Si tratta di un articolo evangelico che, nel commentare 2 Pietro 1:10 (dove ricorre l'aggettivo bebaios), cita la ricerca di Deissmann sui papiri greci, nei quali bebaios e i suoi derivati compaiono in contesti contrattuali con il significato di "garanzia" offerta dal venditore all'acquirente contro rivendicazioni di terzi (cfr. A. Deissmann, Bible Studies, T&T Clark, Edimburgo, 1901, pp. 104-109). Occorre però chiarire un punto essenziale: anche in quel contesto tecnico-giuridico il significato del termine è "rendere saldo, garantire, assicurare la solidità di un atto" — non "ottenere un riconoscimento da parte dello Stato". Sono due cose radicalmente diverse. La "garanzia" contrattuale attesta la solidità di un impegno già concluso tra le parti; il "riconoscimento legale" che i TdG ricercano è l'omologazione istituzionale di un'organizzazione religiosa da parte di un'autorità pubblica. Applicare la prima accezione per giustificare la seconda significa compiere un salto logico privo di qualsiasi base testuale. L'articolo evangelico, del resto, non sostiene affatto la resa della TNM: discute il problema dell'interpretazione teologica del versetto nel contesto della dottrina protestante della salvezza — questione del tutto diversa dalla traduzione del verbo.
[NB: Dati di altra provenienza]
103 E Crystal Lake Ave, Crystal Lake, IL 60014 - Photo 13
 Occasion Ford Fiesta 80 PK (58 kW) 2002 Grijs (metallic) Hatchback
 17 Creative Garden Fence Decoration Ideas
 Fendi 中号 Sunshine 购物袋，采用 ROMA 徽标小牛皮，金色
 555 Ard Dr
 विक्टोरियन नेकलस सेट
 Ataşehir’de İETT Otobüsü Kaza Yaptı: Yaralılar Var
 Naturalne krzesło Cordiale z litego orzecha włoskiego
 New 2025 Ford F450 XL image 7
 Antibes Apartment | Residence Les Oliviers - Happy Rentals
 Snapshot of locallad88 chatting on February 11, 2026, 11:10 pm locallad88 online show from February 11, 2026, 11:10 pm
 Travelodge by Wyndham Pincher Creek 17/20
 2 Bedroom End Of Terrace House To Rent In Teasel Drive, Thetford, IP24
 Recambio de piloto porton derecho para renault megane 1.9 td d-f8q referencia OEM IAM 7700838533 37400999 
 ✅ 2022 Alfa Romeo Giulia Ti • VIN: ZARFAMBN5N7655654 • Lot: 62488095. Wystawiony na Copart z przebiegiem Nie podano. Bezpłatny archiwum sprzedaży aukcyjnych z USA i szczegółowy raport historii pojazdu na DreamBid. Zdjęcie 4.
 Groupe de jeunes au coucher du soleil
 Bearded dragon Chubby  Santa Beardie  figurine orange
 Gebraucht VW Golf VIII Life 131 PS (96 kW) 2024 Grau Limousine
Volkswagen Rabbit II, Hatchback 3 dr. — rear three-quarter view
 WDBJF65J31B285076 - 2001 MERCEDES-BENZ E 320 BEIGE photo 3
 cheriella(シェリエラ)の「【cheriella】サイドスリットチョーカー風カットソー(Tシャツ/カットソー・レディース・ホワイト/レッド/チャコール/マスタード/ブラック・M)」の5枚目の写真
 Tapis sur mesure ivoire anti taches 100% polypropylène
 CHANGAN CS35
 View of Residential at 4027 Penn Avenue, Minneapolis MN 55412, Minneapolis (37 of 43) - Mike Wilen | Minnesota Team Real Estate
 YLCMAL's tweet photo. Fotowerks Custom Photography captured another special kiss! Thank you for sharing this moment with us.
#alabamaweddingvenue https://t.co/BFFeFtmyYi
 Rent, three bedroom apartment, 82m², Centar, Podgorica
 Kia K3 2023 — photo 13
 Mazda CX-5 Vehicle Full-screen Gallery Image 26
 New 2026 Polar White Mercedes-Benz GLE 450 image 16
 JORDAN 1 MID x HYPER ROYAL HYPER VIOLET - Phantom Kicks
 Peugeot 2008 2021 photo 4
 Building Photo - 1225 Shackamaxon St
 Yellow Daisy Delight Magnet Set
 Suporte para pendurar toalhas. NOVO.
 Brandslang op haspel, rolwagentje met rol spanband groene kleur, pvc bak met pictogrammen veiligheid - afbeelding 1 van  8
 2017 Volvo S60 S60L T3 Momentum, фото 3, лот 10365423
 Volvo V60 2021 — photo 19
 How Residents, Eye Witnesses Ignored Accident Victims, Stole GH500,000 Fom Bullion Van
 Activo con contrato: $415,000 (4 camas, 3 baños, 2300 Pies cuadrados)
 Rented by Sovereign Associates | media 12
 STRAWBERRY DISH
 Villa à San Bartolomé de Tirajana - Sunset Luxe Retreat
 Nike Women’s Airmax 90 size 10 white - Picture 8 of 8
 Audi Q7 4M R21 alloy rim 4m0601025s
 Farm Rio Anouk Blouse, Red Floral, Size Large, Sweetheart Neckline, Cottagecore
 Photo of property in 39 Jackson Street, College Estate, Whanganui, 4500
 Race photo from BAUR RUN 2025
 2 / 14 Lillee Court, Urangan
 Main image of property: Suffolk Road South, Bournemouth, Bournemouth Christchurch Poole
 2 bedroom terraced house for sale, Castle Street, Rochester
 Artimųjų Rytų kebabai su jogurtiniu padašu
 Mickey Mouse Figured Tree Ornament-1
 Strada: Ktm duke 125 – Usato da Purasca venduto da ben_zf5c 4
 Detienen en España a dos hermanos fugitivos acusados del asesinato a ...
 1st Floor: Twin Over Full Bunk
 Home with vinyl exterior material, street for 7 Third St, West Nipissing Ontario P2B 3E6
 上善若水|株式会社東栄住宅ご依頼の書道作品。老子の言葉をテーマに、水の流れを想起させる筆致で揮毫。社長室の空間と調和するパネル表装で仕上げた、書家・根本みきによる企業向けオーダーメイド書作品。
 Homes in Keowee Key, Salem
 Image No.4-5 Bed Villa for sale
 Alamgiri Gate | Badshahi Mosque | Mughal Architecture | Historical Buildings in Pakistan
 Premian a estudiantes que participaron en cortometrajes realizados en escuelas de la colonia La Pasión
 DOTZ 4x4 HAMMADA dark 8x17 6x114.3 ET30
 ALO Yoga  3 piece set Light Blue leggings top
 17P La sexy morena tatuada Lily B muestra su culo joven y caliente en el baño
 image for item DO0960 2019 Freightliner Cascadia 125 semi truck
Sul significato di bebaioō in Filippesi 1:7 i commentatori accademici sono concordi: il termine indica la difesa attiva e il consolidamento del vangelo attraverso la predicazione e la testimonianza di vita, non attraverso procedure giuridiche (cfr. G.F. Hawthorne, Philippians, Word Biblical Commentary, vol. 43, Word Books, Waco TX, 1983, p. 22; G.D. Fee, Paul's Letter to the Philippians, NICNT, Eerdmans, Grand Rapids, 1995, p. 96). Avvertenza: i numeri di pagina dei commentari vanno verificati sulle edizioni cartacee prima della pubblicazione.